Ce fut ensuite, de 1644 à 1912, le règne de la dynastie des Ts'ing, puis l'établissement de la république dont le fondateur, le Dr Sun Yat Sen, s'intéressait aux forêts. Celles-ci ont souffert sous la révolution et l'occupation japonaise, mais on prête de plus en plus d'attention aux questions de conservation du sol, de lutte contre les inondations et de reboisement.

Etat des forêts

Superficie boisée et volume de bois d'oeuvre. L'ensemble de la superficie de la Chine actuellement boisée est évalué à environ 83 millions d'hectares, soit environ 8,5 pour cent de la superficie totale du pays. La forêt vierge couvre environ 29 millions d'hectares et les forêts secondaires environ 54 millions. Le volume de bois d'oeuvre correspond respectivement à environ 5 milliards et 3 milliards de mètres cubes. Les montagnes dénudées et les terres incultes convenant au reboisement couvrent une superficie supplémentaire d'environ 300 millions d'hectares.

Droit de propriété des forêts. Aucun renseignement exact n'est encore disponible quant à la propriété des forêts. Une évaluation approximative montre qu'environ 90 pour cent de la forêt vierge et 5 pour cent des forêts secondaires appartiennent au domaine et les autres 10 pour cent de la forêt vierge et 95 pour cent des forêts secondaires appartiennent à des propriétaires privés et à des communautés.

En raison de l'accroissement démographique, les versants boisés ont été défrichés pour être mis en culture; les parcelles plantées en avoine qu'on voit à gauche sur la photo ont été défrichées l'année dernière. (Province de Chan-si.)
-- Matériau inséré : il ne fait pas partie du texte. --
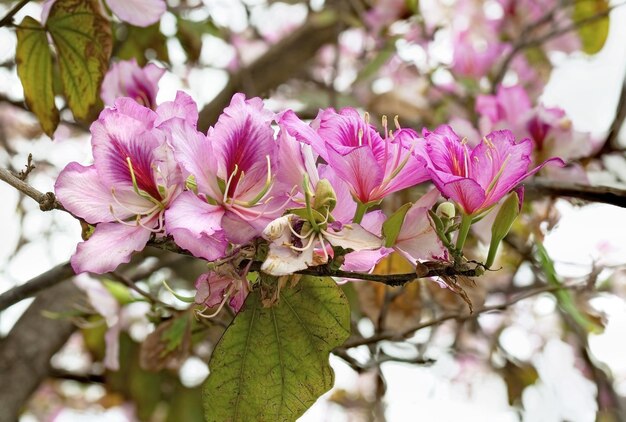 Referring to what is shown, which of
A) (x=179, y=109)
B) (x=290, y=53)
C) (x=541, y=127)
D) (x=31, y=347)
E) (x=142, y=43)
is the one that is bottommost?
(x=31, y=347)

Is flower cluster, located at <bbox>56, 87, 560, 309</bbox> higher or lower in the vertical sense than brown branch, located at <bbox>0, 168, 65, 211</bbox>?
lower

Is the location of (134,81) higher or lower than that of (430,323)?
higher

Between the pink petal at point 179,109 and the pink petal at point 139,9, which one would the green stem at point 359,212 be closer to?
the pink petal at point 179,109

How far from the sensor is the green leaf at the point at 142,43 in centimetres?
132

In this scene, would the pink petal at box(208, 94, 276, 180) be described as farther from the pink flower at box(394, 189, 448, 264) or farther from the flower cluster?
the pink flower at box(394, 189, 448, 264)

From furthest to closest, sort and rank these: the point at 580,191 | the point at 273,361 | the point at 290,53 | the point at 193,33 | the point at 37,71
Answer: the point at 290,53 < the point at 193,33 < the point at 37,71 < the point at 580,191 < the point at 273,361

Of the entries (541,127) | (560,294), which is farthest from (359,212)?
(541,127)

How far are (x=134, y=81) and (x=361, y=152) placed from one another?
37 cm

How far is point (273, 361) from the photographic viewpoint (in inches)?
21.2

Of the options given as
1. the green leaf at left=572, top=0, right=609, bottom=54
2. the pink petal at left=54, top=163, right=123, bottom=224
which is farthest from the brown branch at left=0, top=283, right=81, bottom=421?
the green leaf at left=572, top=0, right=609, bottom=54

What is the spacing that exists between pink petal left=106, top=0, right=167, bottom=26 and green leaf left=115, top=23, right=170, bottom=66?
59 cm

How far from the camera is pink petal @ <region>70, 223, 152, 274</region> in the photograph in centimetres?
45

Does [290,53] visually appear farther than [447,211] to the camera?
Yes

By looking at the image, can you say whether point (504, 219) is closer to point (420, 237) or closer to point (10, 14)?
point (420, 237) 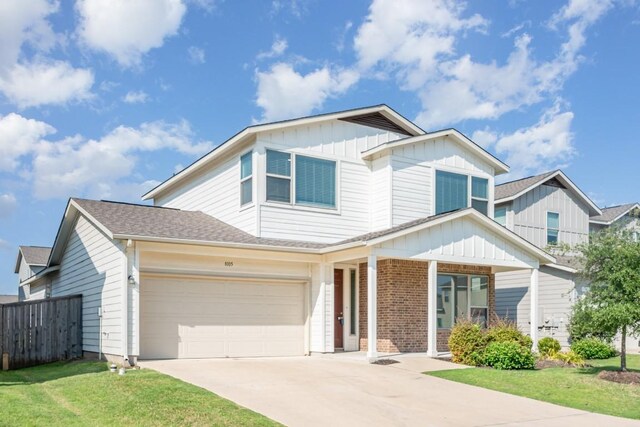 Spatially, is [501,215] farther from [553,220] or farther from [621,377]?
[621,377]

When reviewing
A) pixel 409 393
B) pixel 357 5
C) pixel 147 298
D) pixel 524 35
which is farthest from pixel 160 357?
pixel 524 35

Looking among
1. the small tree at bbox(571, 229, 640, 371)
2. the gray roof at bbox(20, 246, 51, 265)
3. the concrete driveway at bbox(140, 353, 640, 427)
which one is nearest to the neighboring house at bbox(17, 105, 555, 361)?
the concrete driveway at bbox(140, 353, 640, 427)

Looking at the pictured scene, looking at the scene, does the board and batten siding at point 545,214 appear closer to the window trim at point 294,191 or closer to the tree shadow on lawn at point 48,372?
the window trim at point 294,191

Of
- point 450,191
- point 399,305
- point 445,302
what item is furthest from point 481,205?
point 399,305

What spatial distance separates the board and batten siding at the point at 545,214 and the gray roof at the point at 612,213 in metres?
2.73

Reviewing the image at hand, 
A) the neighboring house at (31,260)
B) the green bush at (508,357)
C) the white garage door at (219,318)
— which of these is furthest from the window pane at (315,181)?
the neighboring house at (31,260)

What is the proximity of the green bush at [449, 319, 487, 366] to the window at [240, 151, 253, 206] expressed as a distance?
6866 mm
Les principales essences de bois d'oeuvre et leur répartition. Etant donné le caractère montagneux du terrain, les différences énormes de climat et l'importance des précipitations, la Chine possède une flore arborescente extrêmement riche. La Société botanique chinoise, après des années de recherche, a trouvé qu'il existait en Chine 134 familles, plus de 656 genres et plus de 2.000 espèces. Il existe, paraît-il, en Chine un plus grand nombre d'essences forestières que dans l'ensemble des autres pays tempérés du nord. On y trouve la presque totalité des espèces importantes de conifères et de bois durs rencontrées dans les régions tempérées de l'hémisphère Nord. Les arbres les plus connus dont on fait usage pour le reboisement dans les diverses parties du pays sont les suivants:

Le Cunninghamia lanceolata pousse généralement dans la région allant du fleuve Yang-tsé jusqu'à la chaîne montagneuse de Nanling au sud à une altitude qui ne dépasse jamais 1.000 mètres.

Le Pinus massoniana pousse dans la Chine centrale et dans la région du sud à des altitudes qui ne dépassent pas 1.000 mètres.
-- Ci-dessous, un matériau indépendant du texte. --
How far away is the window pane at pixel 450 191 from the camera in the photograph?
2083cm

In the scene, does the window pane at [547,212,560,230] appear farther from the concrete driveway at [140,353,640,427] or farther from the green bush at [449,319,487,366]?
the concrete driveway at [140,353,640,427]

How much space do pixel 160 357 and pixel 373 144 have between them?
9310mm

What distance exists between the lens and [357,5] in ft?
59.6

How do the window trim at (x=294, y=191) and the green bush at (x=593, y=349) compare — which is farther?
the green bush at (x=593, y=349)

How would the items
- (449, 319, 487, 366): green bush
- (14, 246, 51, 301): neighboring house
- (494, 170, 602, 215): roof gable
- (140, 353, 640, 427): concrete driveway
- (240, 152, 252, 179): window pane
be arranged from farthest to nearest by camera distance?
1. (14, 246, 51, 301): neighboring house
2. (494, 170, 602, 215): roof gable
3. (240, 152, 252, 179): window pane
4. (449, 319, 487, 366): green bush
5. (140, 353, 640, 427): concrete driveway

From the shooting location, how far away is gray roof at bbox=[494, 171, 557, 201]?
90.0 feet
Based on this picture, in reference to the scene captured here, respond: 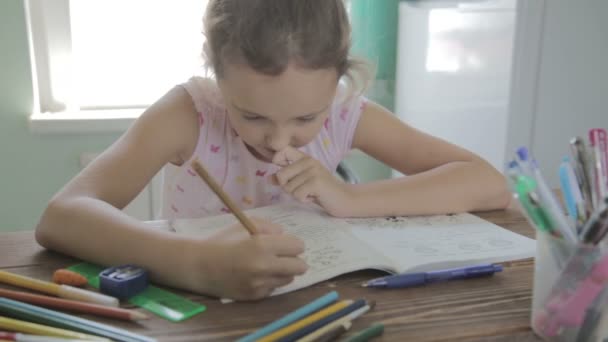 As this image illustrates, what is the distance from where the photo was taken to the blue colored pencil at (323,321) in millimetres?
428

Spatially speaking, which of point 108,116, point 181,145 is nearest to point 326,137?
point 181,145

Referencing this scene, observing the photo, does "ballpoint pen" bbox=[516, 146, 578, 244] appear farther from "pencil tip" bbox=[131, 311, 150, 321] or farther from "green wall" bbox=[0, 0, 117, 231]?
"green wall" bbox=[0, 0, 117, 231]

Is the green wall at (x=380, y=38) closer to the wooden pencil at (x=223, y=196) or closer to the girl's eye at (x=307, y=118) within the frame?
the girl's eye at (x=307, y=118)

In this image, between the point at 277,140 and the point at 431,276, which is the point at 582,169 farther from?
the point at 277,140

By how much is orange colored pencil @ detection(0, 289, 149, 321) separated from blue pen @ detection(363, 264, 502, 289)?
220mm

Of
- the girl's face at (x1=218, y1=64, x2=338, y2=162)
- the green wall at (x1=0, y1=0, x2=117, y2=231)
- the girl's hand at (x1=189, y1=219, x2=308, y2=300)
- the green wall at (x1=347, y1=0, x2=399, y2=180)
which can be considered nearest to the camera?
the girl's hand at (x1=189, y1=219, x2=308, y2=300)

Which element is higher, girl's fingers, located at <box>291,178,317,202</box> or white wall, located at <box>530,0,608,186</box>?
white wall, located at <box>530,0,608,186</box>

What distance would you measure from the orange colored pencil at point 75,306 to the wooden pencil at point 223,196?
117mm

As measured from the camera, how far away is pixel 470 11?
4.27 feet

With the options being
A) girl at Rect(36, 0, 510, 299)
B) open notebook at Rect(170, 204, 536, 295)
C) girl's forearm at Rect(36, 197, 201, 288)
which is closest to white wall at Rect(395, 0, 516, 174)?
girl at Rect(36, 0, 510, 299)

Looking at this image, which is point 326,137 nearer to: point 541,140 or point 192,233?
point 192,233

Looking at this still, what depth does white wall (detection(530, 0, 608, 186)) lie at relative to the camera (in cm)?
124

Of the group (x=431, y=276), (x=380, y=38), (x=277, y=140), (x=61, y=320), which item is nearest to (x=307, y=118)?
(x=277, y=140)

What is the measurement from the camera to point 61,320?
1.49 ft
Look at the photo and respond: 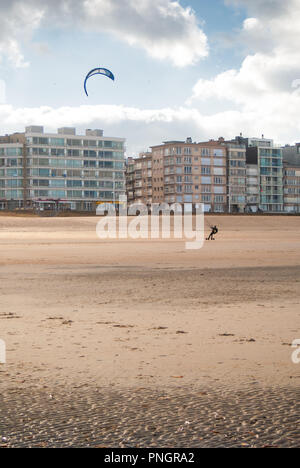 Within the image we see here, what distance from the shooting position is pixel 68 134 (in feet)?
514

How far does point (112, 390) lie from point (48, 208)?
148 meters

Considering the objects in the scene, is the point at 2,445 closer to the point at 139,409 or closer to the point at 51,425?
the point at 51,425

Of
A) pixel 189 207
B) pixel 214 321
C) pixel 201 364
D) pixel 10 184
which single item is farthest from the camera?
pixel 189 207

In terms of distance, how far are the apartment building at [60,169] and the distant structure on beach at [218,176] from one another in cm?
1163

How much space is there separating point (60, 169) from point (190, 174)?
1321 inches

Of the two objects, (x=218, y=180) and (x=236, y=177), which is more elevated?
(x=236, y=177)

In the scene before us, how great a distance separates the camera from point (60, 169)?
6043 inches

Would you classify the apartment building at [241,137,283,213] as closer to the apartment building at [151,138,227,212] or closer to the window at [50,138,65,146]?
the apartment building at [151,138,227,212]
Le Picea asperata pousse un peu partout; cette espèce est résistante et vigoureuse. On la trouve de la région sud à la région nord du Se-tchouan et à l'est du Chen-si et du Chan-si à Ho-pé, à des altitudes allant de 2.500 mètres jusqu'à la limite supérieure de la forêt.

L'Abies delavaya se rencontre en Mandchourie, en Mongolie extérieure et dans le Se-tchouan du Nord à des altitudes variant de 2.500 à 3.500 mètres. Cette essence constitue en général des peuplements homogènes importants.

Le Tsuga chinensis se trouve dans le Chan-si, le Kan-sou, le Si-kiang oriental, le Se-tchouan, le Hou-pé, l'An-houei et le Tché-kiang; il pousse à des altitudes variant entre 2.800 et 3.500 mètres.

Le Larix potaninii se rencontre surtout dans le district boisé du Yalou-kiang. Il forme lui aussi d'immenses peuplements homogènes dans les provinces du Se-tchouan et de Chan-si à des altitudes variant entre 3.000 et 4.500 mètres.

Le Pinus tabulaeformis se trouve un peu partout dans le nord de la Chine et s'étend jusque vers les régions du centre et de l'ouest à des altitudes ne dépassant pas 1.500 mètres.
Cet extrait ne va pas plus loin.